In 2018, Watson left the corporate world to pick up his father’s ladle and continue the family’s prawn noodle business.
But Watson is no greenhorn in the industry; in the past decade, he has taken time off frequently over the weekends to help his father run the family business.
It was through these weekend stints that he learnt the ropes of concocting the luscious prawn noodle broth, frying up aromatic lard, and preparing the potent prawn noodle chilli from his father.
Today, Da Dong Prawn Noodles is often crowded on weekends and during lunch hours on weekdays, a testament to all the experience Watson gained from his hard work with his father in the past.
The 31-year-old has not only proved his mettle to the stall’s regular patrons, but has also won the hearts of many first-time customers, myself included.
I went for the large version of the stall’s signature Big Prawn Noodles (S$15), which is definitely a dish worth ordering. Hefty price aside, the bowl came filled with two and a half pieces of succulent red leg prawns, a modest serving of yellow egg noodles and crispy lard.
The massive prawns, which had a sinful amount of creamy prawn gonad, were really juicy and left me wanting for more after each bite.
Yet, the crustaceans were not the star component. The soup, a potent concoction of prawn and pork stewed over long hours, was the highlight. Rich, hearty, and sweet, the broth ladled into each bowl was only enough to sufficiently soak the noodles.
Unfortunately, I was not allowed to ask for second-servings of the soup, which was the only downside to my meal.
One of my lunch companions ordered the dry and mee pok variation of the Pork Intestine Prawn Noodles (S$10), which came with two pieces of tiger prawns, some pork intestine and was garnished with shallots and lard.
Sharing is caring, so of course I got to try a bite.
We both agreed that we enjoyed the chewy texture of the pork intestine. Although not as large as the red leg prawns of the Big Prawn Noodles, the prawns in this dish were equally tender and sweet.
In this non-soup variant, the homemade chilli and the crispy lard really stood out. With subtle hints of garlic and dried shrimps, the chilli paste was aromatic and delivered a fiery kick, albeit being slightly salty. The latter was fried to golden-brown perfection and had a melt-in-the-mouth texture.
The Pork Rib Prawn Noodles (S$10) is another popular dish amongst customers, so we ordered it to see how it compared to the others. There was a sufficient amount of ingredients for the price, and I liked the use of two different noodle types.

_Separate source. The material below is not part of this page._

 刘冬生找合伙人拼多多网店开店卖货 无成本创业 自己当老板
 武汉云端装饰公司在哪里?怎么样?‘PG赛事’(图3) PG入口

The pieces of meat were lean, yet equally supple and juicy. For pork rib lovers, I would recommend getting the larger variation of this dish, which is available at a top-up of just S$2, for more ribs and slices of prawn.
With unearthly waking hours and an excruciating time spent amid heat and flames, operating a hawker stall in Singapore is no easy feat. That’s why it’s so comforting to see more efforts placed by those in my generation to preserve the authenticity of our Singaporean hawker culture.